Diaries Magazine

Eco-Diwali

Posted on the 04 November 2013 by C. Suresh
I have always had a hatred of loud noises. A hatred accentuated by the fact that, just as I am lolling on my settee and avidly watching the Diwali movie on TV, my house shakes, the windows rattle and I am jerked out of my sloth with palpitations. Not even the magic of Rajnikant can withstand the shock of a hazaaron-wala going ballistic just outside the window. Needless to say, then, Diwali is that time of the year when I swathe myself in cotton and cling on to my bed for dear life.
This Diwali was different. I woke up in the morning - as people call it, though I am still not used to thinking of 7 AM as 'morning' - to a totally unnatural silence and started wondering whether this was indeed the day my cousin had invited me over.
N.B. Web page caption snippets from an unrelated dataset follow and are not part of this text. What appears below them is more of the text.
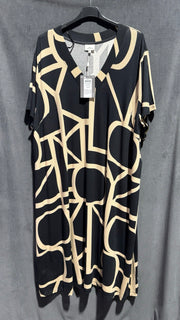 L-50/52 DRESS FEM KNIT VLE95/EA5 Black - Carmakoma Only hos Lilla Hem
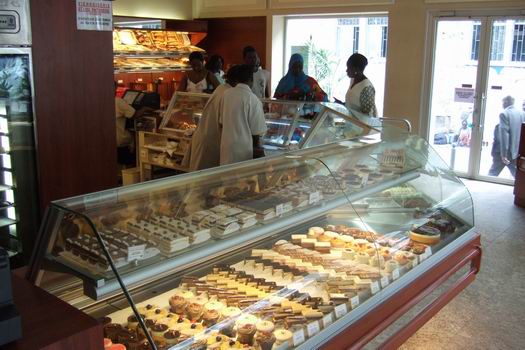 Another nice thing about Dakar is that one can find exclusive French bakeries with good quality pastry and bread. We even came by an Italian shop which served wonderful ice cream. Such kind of shops you will not be able to find in the whole of Guineau-Bissau.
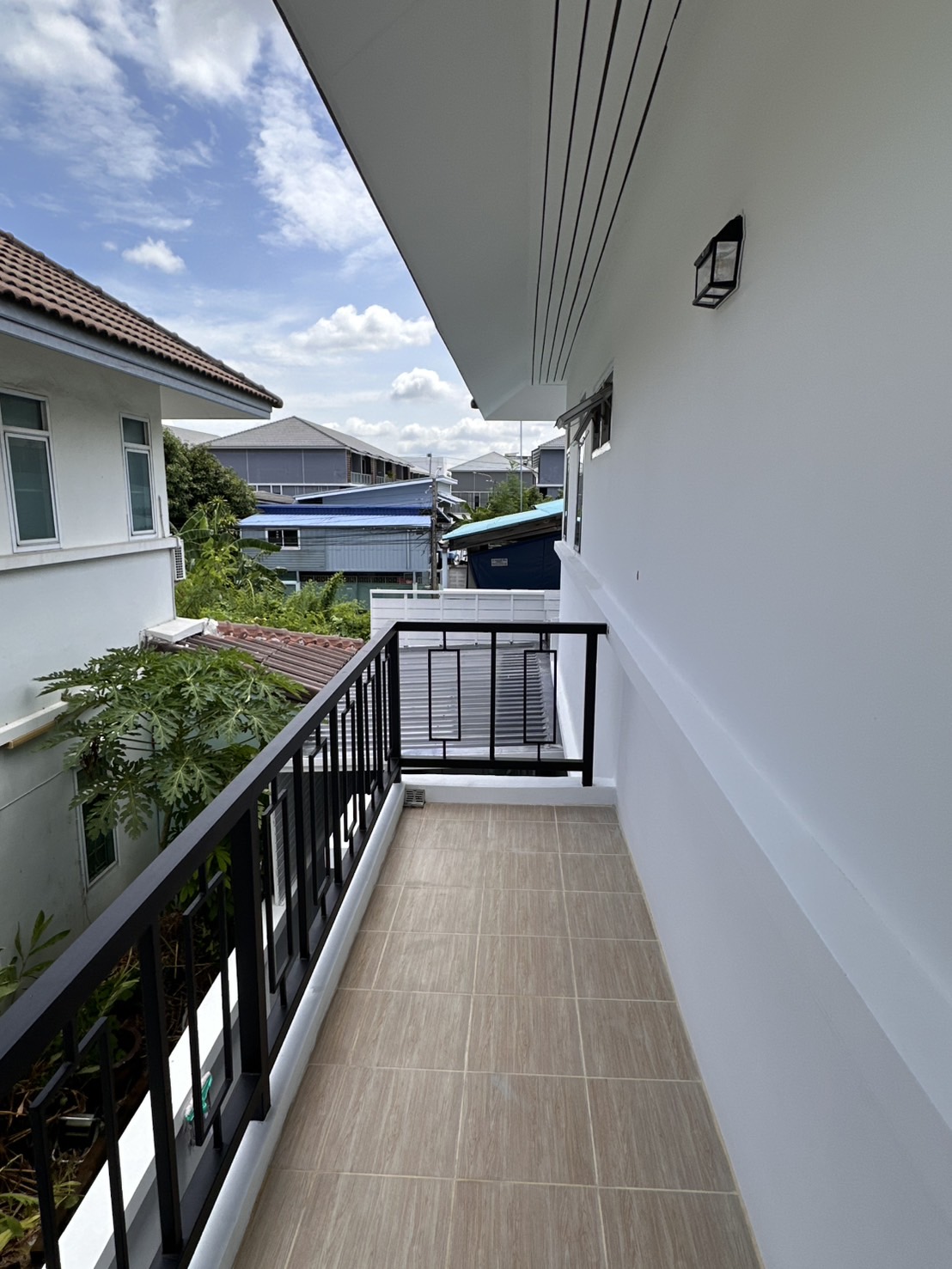 บ้านเดี่ยว renovateใหม่ 50.20 ตรว. ลาดพร้าว101แยก42 ม.วาสินี กทม ใกล้รถไฟฟ้า 12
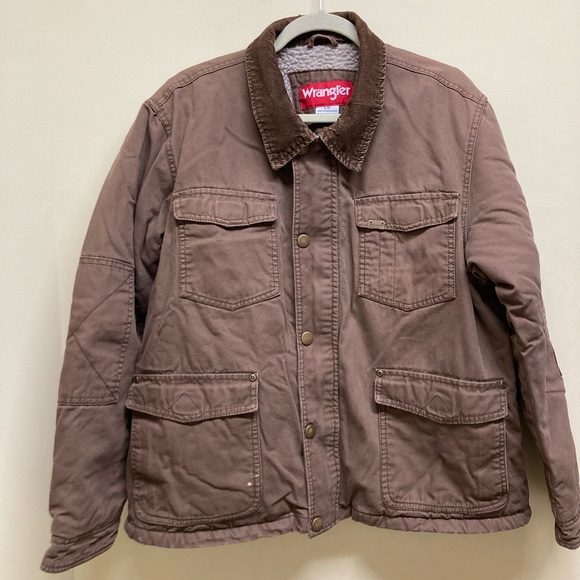 So good I had to share! Check out all the items I'm loving on <a href="/Poshmarkapp/">Poshmark</a> #poshmark #fashion #style #shopmycloset #wrangler #citizensofhumanity: posh.mk/2Ov0C6jGoeb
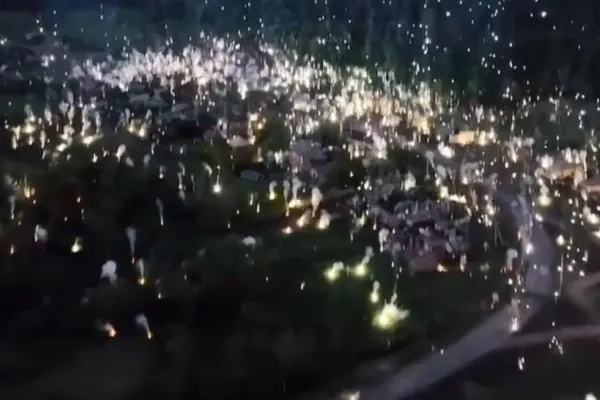 Imagini aproape IREALE în Ucraina. O ploaie de FOC aruncată de ruși asupra unei localități- VIDEO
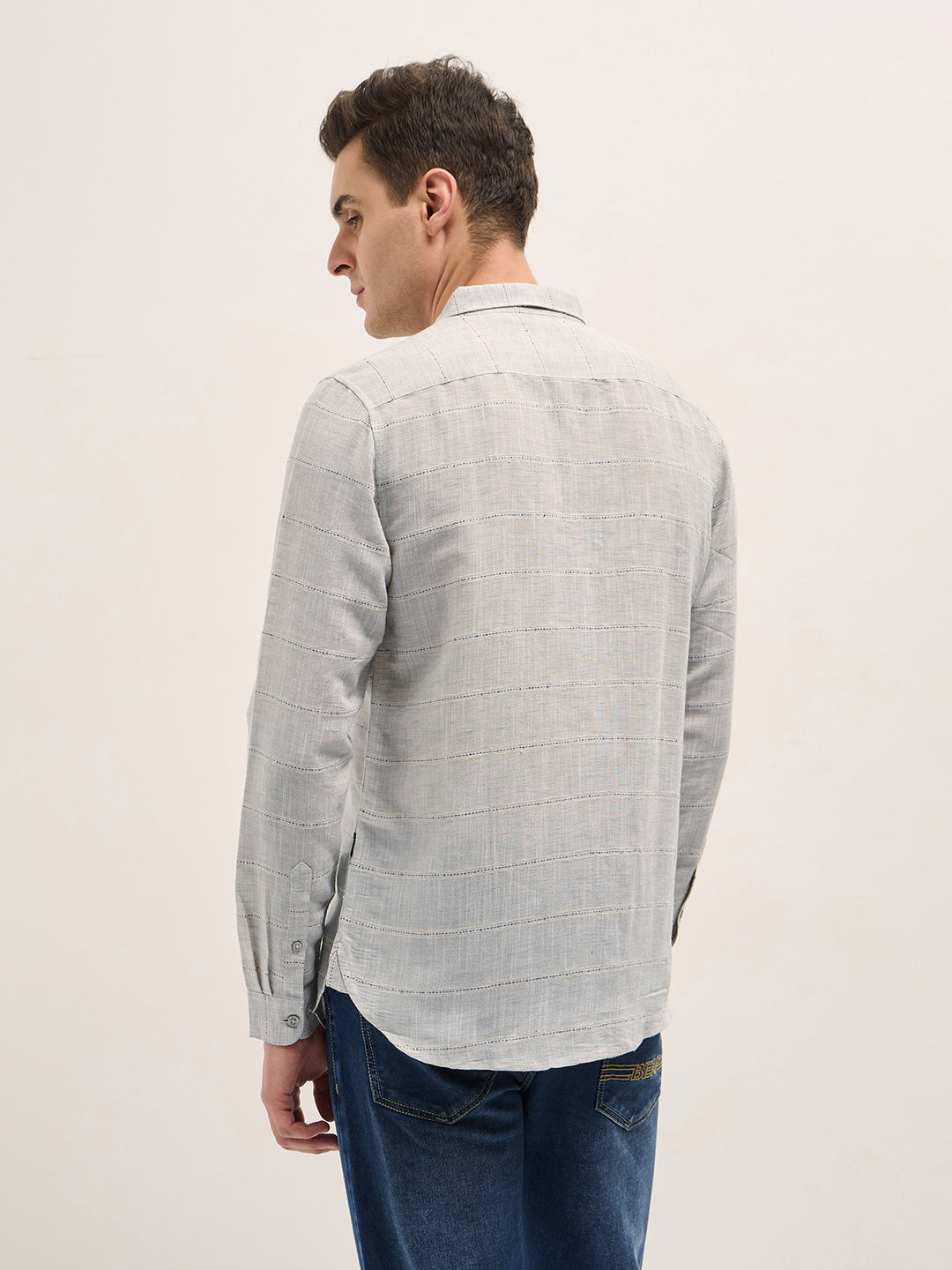 Men Light Grey Horizontal Stripes Slim Fit Casual Shirt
Was it really the day of Diwali or was I going to make the egregious mistake on landing on the previous day and cause embarrassment all around?
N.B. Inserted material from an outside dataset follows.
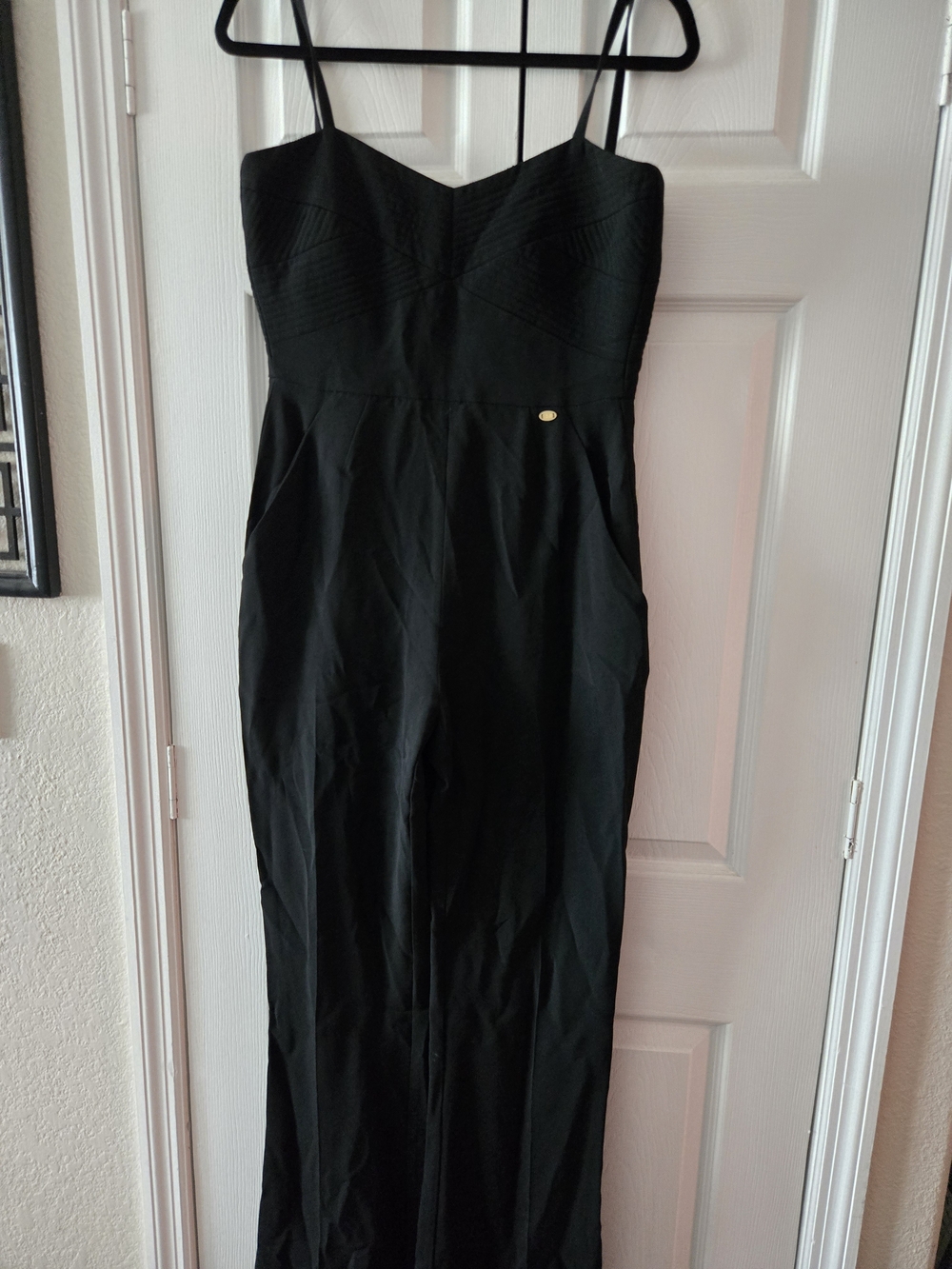 Elegant Black Strapless Jumpsuit with Slim Straps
It was Diwali, thankfully, and I learnt that, all over the place, there was this new idea of celebrating Diwali the eco-friendly way - sans-crackers. I was ecstatic. There you were - we had fixed up a day to be eco-friendly and, thus, could happily keep boasting of our eco-friendly ways the rest of the year without the burden of having to live up to it. Yippeeee!
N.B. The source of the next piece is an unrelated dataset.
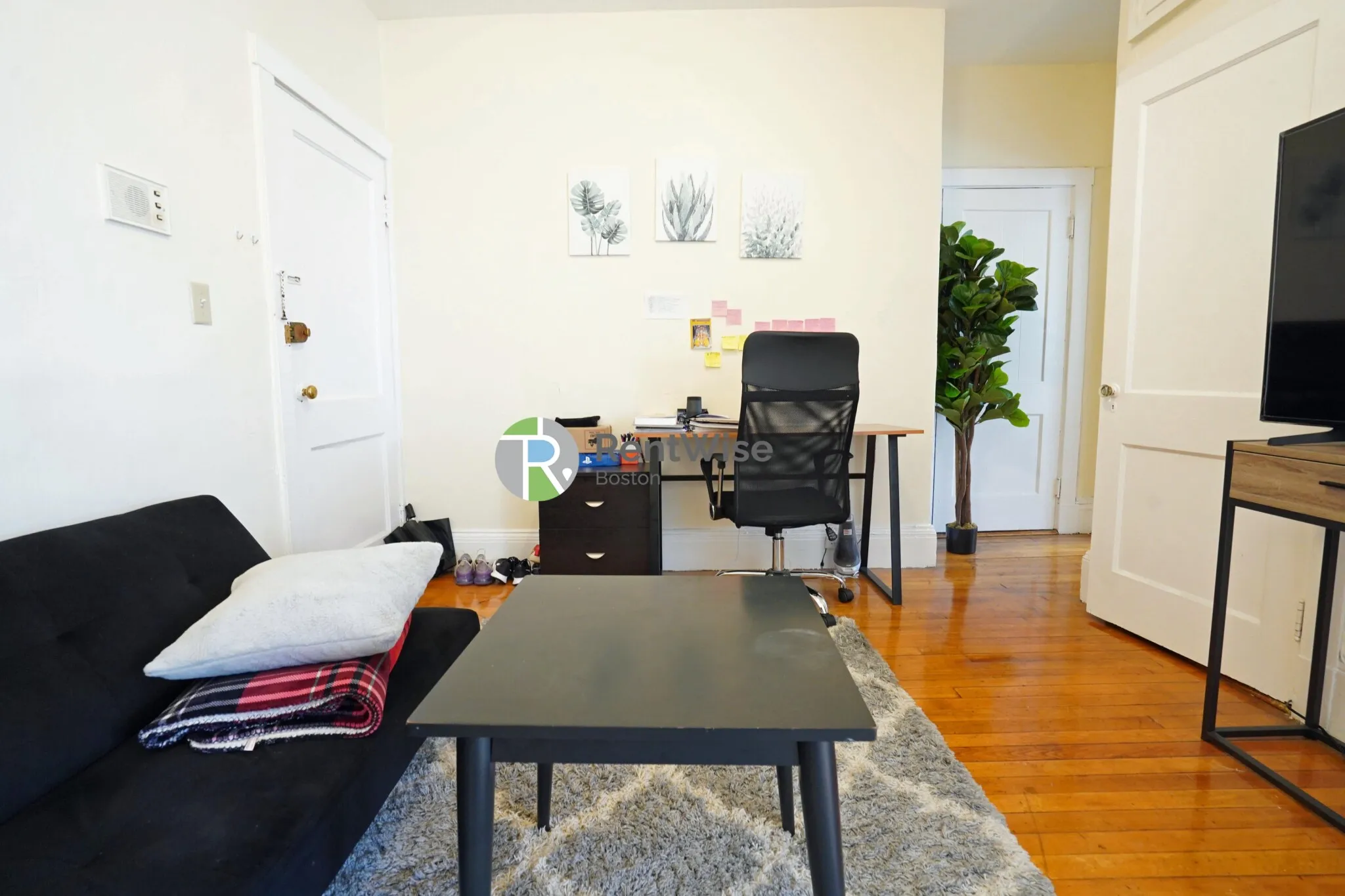 1 bed, 1 bath apartment for rent at 1212 Commonwealth Ave Unit 6, Brighton — photo 14 of 27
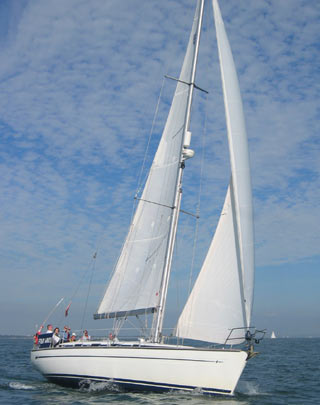 Luxury Yacht Cruising Experience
We have all these days - and the theory seems to be that those days are there to bring to the fore and celebrate all that was there in the back of your mind anyway. Seldom have I seen it work that way. I see those days as being more for keeping all those inconvenient things restricted to that one day so that we can get on with our 'normal' lives for the rest of the year. Independence day seems to absolve you of any need for patriotism for the rest of the year; Mother's day is the day you visit your mom in the old age home and get that warm feeling of having cared sufficiently for your mother and, if Valentine's day does not operate the same way, it is only because your valentine will just not allow it to be so. Now, Diwali is the official day for being eco-friendly, thereby absolving you of the need to do a thing towards eco-friendliness during the rest of the year.
I do not need to teach my child to take public transport instead of insisting on being dropped by car; do not have to insist on him not junking his mobile every other day to get the latest model; need not keep reminding him to switch off electrical appliances when not in use or close taps and, in short, do not have to teach him to use with care all the things that cause pollution in their making. After all, I have done my part on Diwali, have I not?
I, probably, am the only person who prefers the vibrancy of Diwali with all the pollution (though my definition of vibrancy still does not go so far as those hazaaron-walas) if only we would be eco-conscious the rest of the year. That, however, is too much work. Much easier to be eco-friendly on one day and relax for the rest of the year!